Our last day, and it would be a long one. Eight and a half hours of driving, not counting stops. Lynn’s flight left at 9pm, and we had been hearing how long the lines at the airports were. It seemed like a good idea to not push our luck by dawdling along the way.
I did want to stop in Hannibal, Missouri, which my mom and her husband had described as quaint and which was the boyhood home of Mark Twain. But that was at least two hours out of St. Louis and we hadn’t eaten breakfast. I stopped at a wayside rest to get some advice on where to eat.
If you’ve never done a road trip in the U.S., wayside rests are located about every 100 miles and have their own freeway exits. They vary from just a gravel parking lot with a pit latrine to a gleaming air conditioned building with vending machines. But there are no museums or gift shops or restaurants. I like them because you can get in and out in five minutes without getting distracted. Usually.
This one in Missouri was the rare wayside rest with an information desk. The woman was very friendly and a font of information. Well, more like a slow-motion geyser. She spoke with a slow southern drawl. “Ya’ll could drive along the river, it’s very picturesque.” She handed me a map of the Scenic River Road. We didn’t have time, sadly, for the scenic route. She highly recommended we take some extra time and go to a small town whose name I can’t remember. She handed me five maps and brochures. Looking at the map now, which town was it? It couldn’t have been Mexico, Paris, or Florida—I would have remembered those.
“It’s a historic town with an absolutely darling downtown and a famous restaurant that serves throwed rolls.” She handed me another brochure and tried to explain what throwed rolls were but I couldn’t get the concept. “It’s only 20 minutes off the interstate. Ya’ll can get cheese grits, and buttered corn bread, and….” Mmmmmm.
People think that providing lots of choices is a good thing, but after 11 days on the road I was done making decisions, even about where to eat.
“We’re kind of in a hurry, I’m afraid, so it’ll have to be somewhere right off the highway.”
She handed me more maps and brochures for restaurants and scenic attractions.
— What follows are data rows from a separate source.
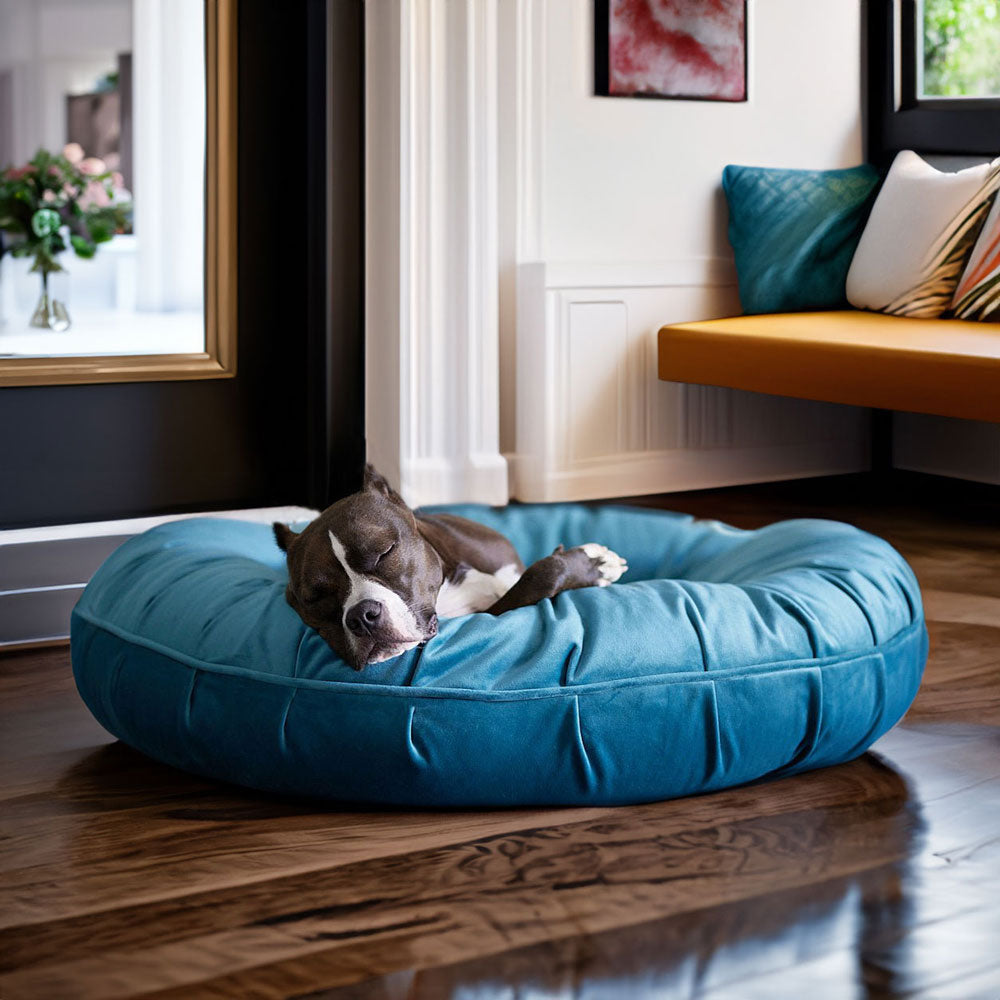 Ali enjoying her new Turquoise LA Dog Donut Luxury Dog Bed 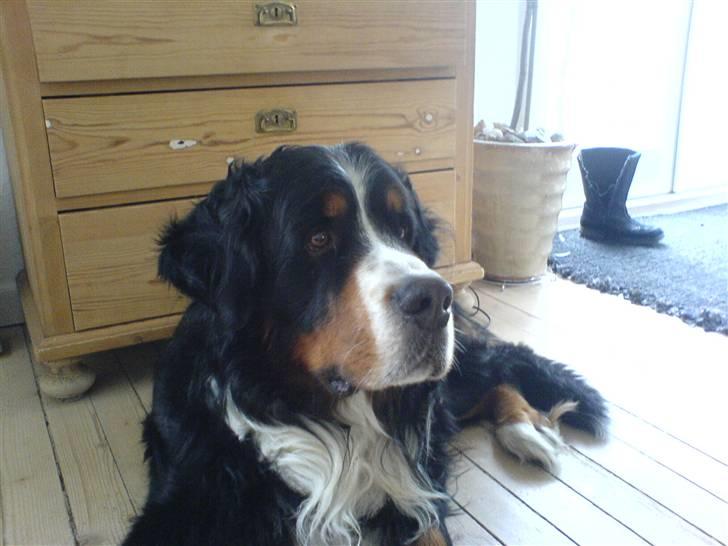 Berner sennenhund Robin R.I.P - Han er da smuk.  billede 9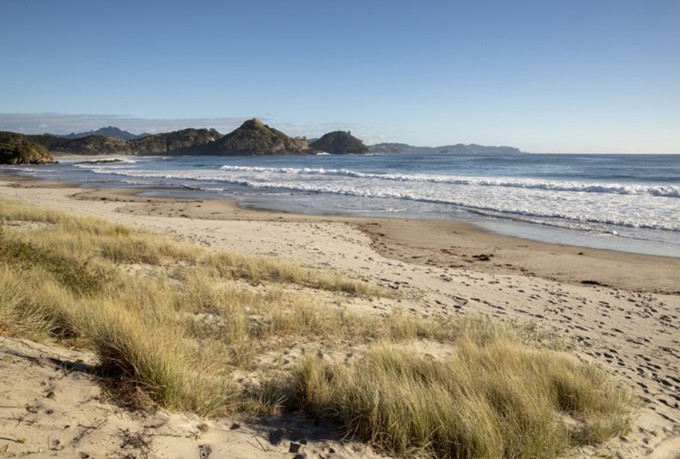 End of term chair’s report: Environment and Community Committee 2016 – 2019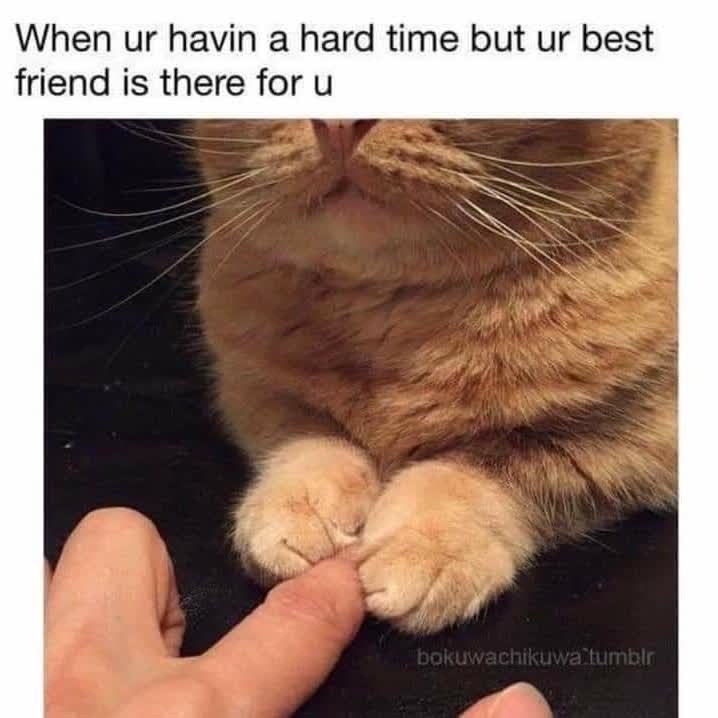 When ur havin a hard time but ur best friend is there for u bokuwachikuwa tumblr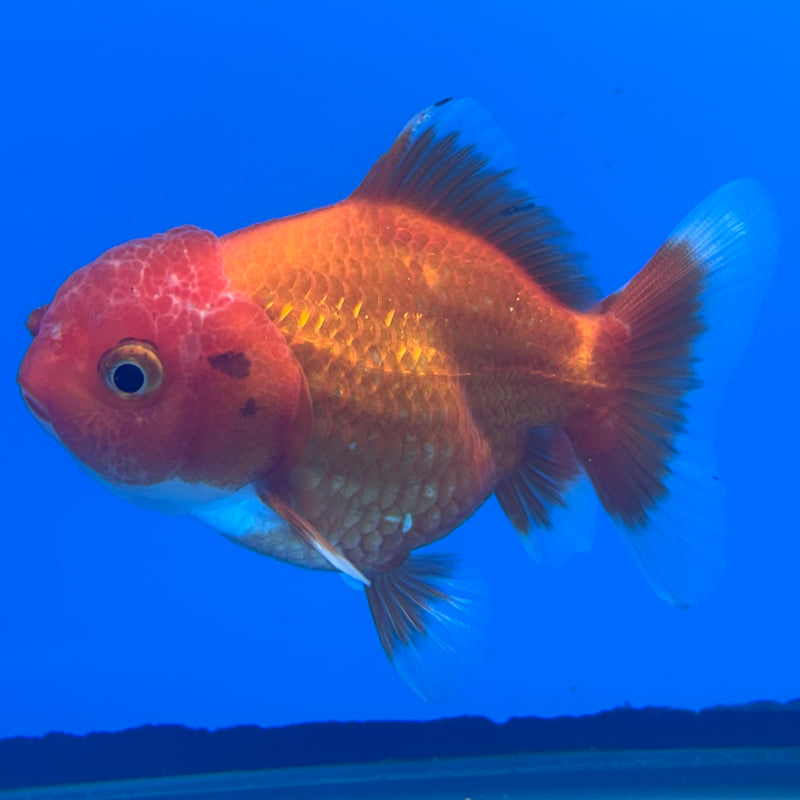 Thai Oranda Red/White 2.5” Body Female(CK-1002)R3B18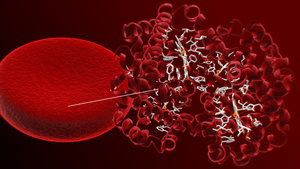 3D人体医疗血红蛋白分子15秒视频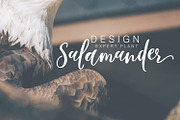 Smith, a Script Font by Fontastic (Thumbnail 4 of 9)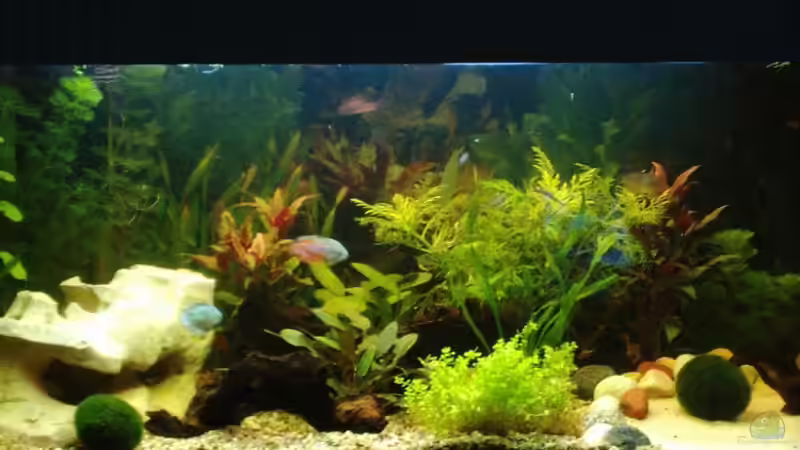 Aquarium Hauptansicht von Becken 6788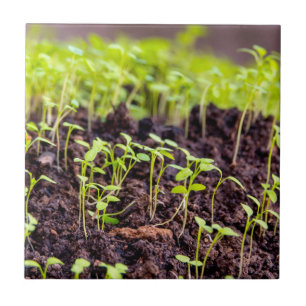 Sprouting grass tile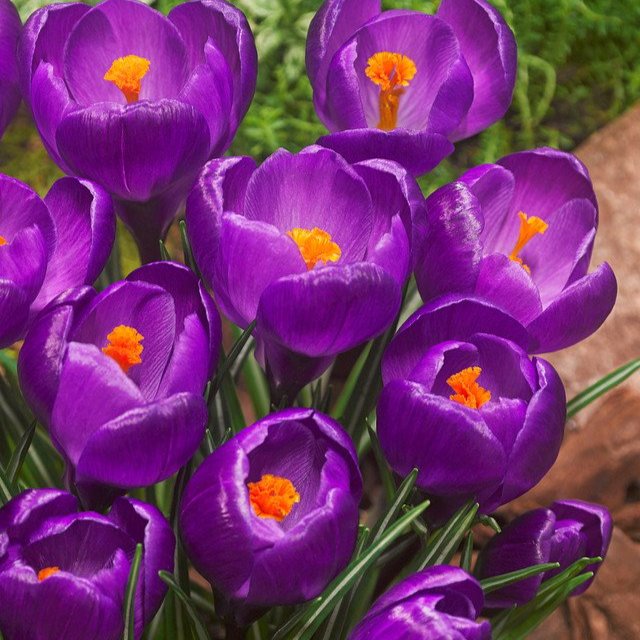 Crocus Flower Record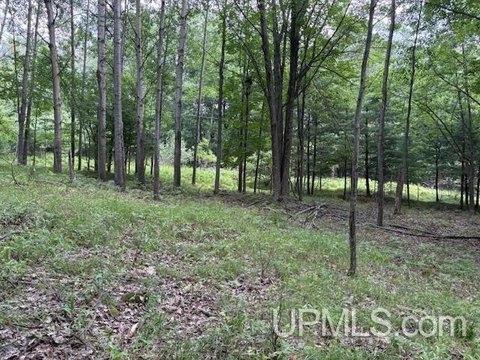 Wooded Land Parcel in Town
She must get mostly retired people who had all the time in the world. Lynn had abandoned me. “I’d better check on my friend,” I lied. “She gets upset if I keep her waiting.”
The info lady looked disappointed. “Just a few more suggestions,” she pleaded. More brochures, more maps. It must get lonely working in a highway wayside rest.
“My friend has to catch a flight to London,” I said, backing away as if the flight was imminent.
Meanwhile, I kept getting texts from Air B&B and the Quality Inn urging me to “Write a review of your stay!”
“Do your own marketing,” I muttered. I am definitely happier when I get breakfast.
Lynn insisted she wasn’t hungry, so rather than look like a whining hungry weakling, I drove straight through to Hannibal.
This is a postcard depicting Hannibal:
This is what Hannibal really looked like:
Dilapidated houses, block after block after block. Was this a result of the Great Recession, or a longer term decline? There was no signage directing visitors to a historic district, but by just following the streets downhill, I eventually hit the river front, where a couple natives out for a walk pointed the way.
The downtown was quaint. It consisted of about four blocks of antique stores, a boarded up theater, a couple restaurants, and half a dozen Mark Twain historic sites.
We settled in at Becky Thatcher’s Diner, and the food was fantastic. Really fantastic, not just because I was starving. Lynn had corned beef hash for the first time and I had a huge omelet with potatoes. Neither of us talked much, unless you count “Mmmm” as a word.